In an as-applied inverse condemnation case, the awarding of Rate Of Growth Ordinance

(R.O.G.O.) points may be enough of a benefit to avoid a finding that zoning and environmental regulations deprived the property owner of all or substantially all economic use of their property.

KIS Group, LLC v. Moquin, Case No. 4D18-1435 (Fla. 4th DCA 2018).

A trial court’s denial of defendant’s motion for summary judgment on a fraud claim is not the functional equivalent of a determination that a sufficient factual basis exists under Florida Statute section 768.72 for plaintiff to claim of punitive damages.

Henry Schein, Inc. v. Archer & White Sales, Inc., Case No. 17–1272 (2019).

A court may not override an arbitration provision when the parties’ contract delegates the arbitrability question to an arbitrator, even if the court thinks that the arbitrability claim is “wholly groundless.”

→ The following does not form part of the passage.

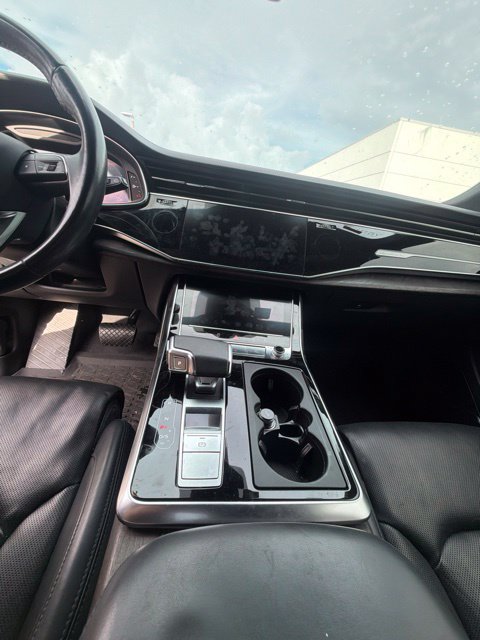 Used 2020 Audi Q8 Prestige w/ Prestige Package AWD/4WD image 10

Mielke v. Deutsche Bank National Trust Company, Case No. 1D17-4265 (Fla. 1st DCA 2018).

Florida Statute section 673.3091(enforcement of lost note) is tied to a foreclosure action and does not create an independent cause of action triggering a separate statute of limitations on a mortgagee’s right to foreclose, regardless of whether the note holder knew or did not know the note was lost.

New Prime Inc. v. Oliveira, Case No. 17–340 (2019).

Certain transportation workers are exempt from the reach of the Federal Arbitration Act, and accordingly, arbitration cannot be compelled for those workers even when an arbitration agreement exists which contains a delegation provision.

Saccullo v. United States of America, Case No. 17-14546 (11th Cir. 2019).

The curative provisions of Florida Statute section 95.231 (certain defects in deeds, including not having sufficient witnesses, are cured after 5 years) apply and vest a technically incorrect deed in the grantee after the statutory period; United States v. Summerlin, 310 U.S. 414, 416 (1940)(statutes of limitation are not enforceable against a sovereign) is not applicable as the deed vested before the claim of the U.S. vested.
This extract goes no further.